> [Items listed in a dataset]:
= Beginning of Section =

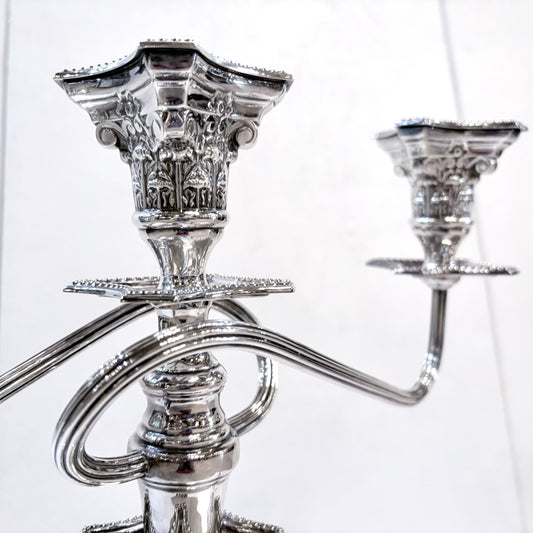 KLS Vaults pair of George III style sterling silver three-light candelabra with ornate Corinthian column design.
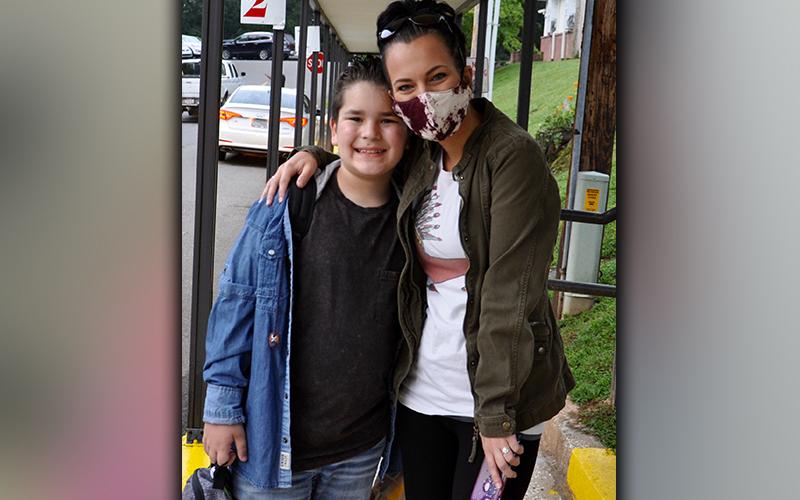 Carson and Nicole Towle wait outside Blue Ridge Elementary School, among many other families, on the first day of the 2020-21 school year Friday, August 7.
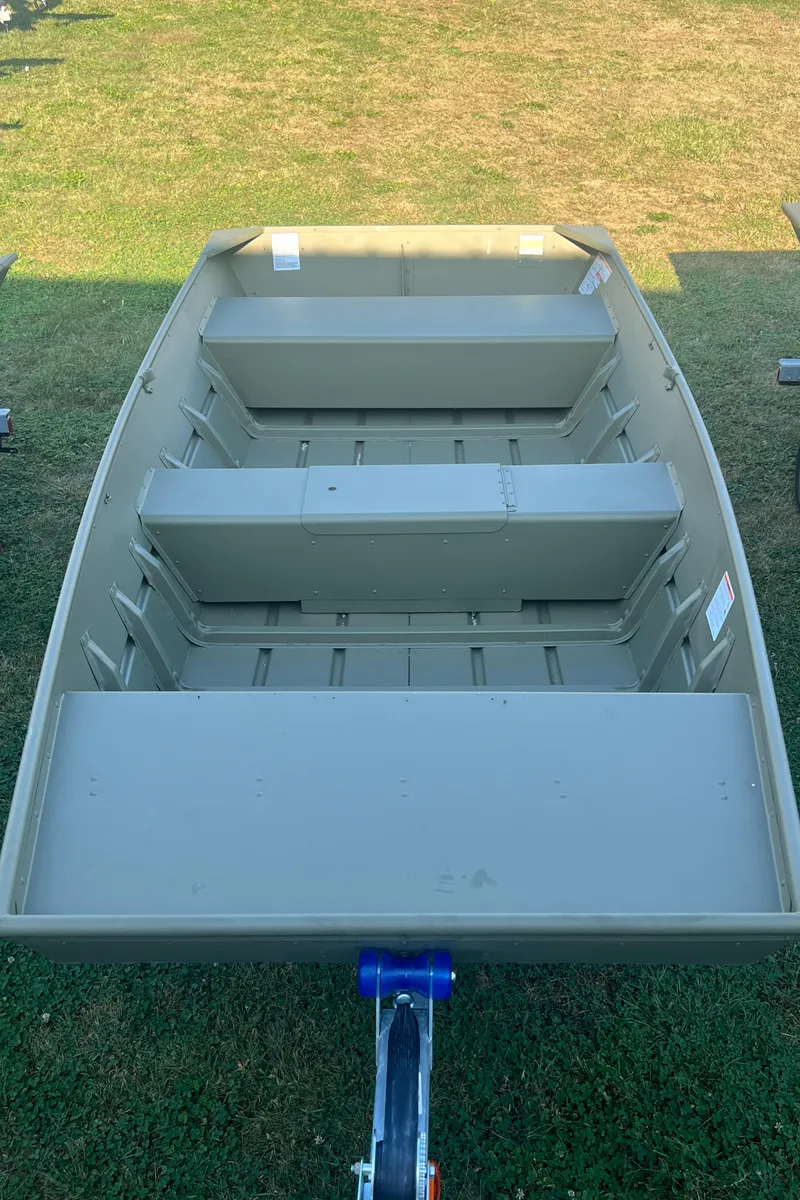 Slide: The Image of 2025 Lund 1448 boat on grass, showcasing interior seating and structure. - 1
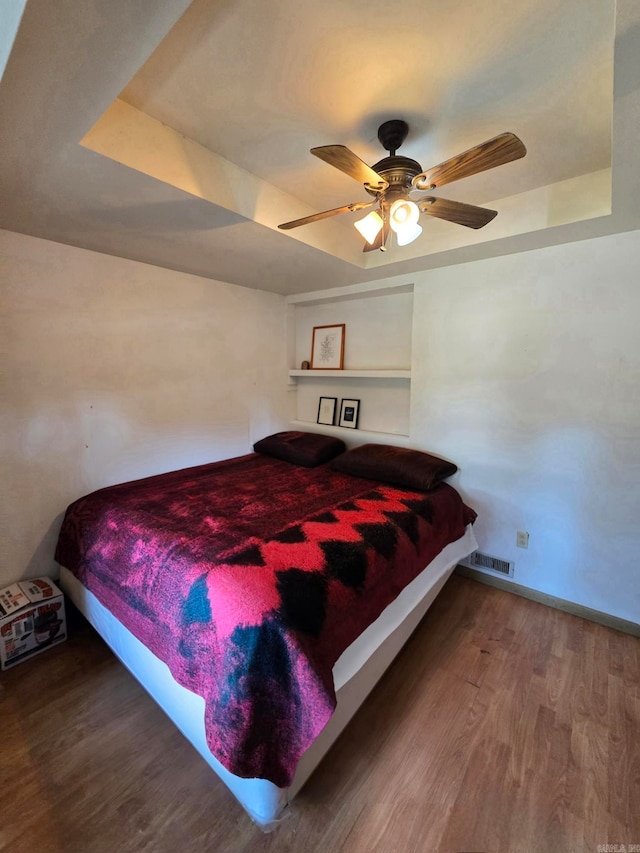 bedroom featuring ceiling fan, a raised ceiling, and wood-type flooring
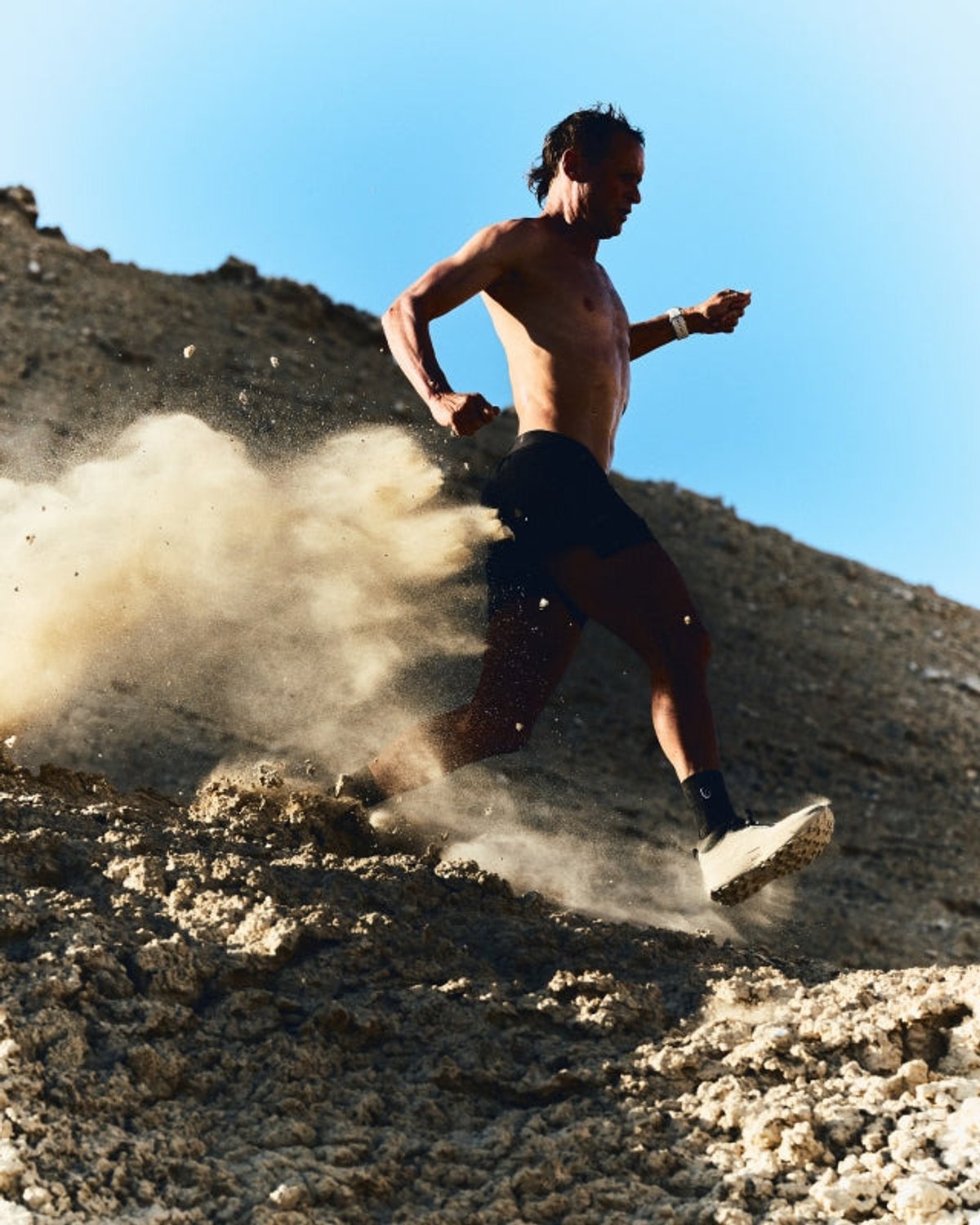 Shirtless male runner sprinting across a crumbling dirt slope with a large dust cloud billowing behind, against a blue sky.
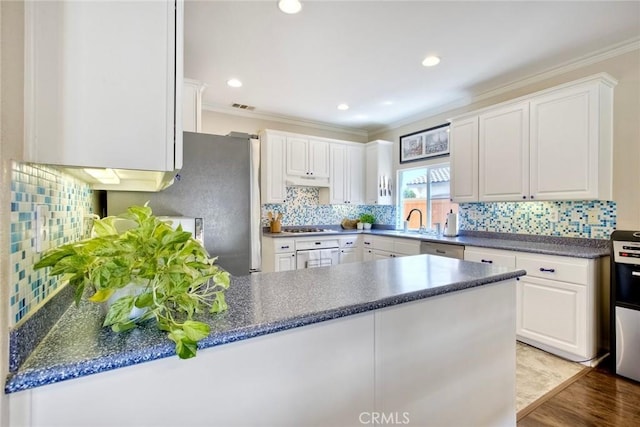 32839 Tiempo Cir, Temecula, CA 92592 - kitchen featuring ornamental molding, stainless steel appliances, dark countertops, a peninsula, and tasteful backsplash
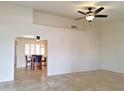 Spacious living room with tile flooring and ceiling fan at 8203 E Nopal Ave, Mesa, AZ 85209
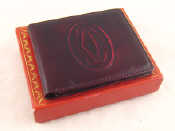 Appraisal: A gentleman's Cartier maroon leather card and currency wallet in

= End of Section =

> [EXERCISE PROMPT]: Verbatim, write out the line containing "Shirtless male runner" and all later lines through the end of the records, leaving every picture out.

> [RESPONSE TO THE EXERCISE]:
 Shirtless male runner sprinting across a crumbling dirt slope with a large dust cloud billowing behind, against a blue sky.
 32839 Tiempo Cir, Temecula, CA 92592 - kitchen featuring ornamental molding, stainless steel appliances, dark countertops, a peninsula, and tasteful backsplash
 Spacious living room with tile flooring and ceiling fan at 8203 E Nopal Ave, Mesa, AZ 85209
 Appraisal: A gentleman's Cartier maroon leather card and currency wallet in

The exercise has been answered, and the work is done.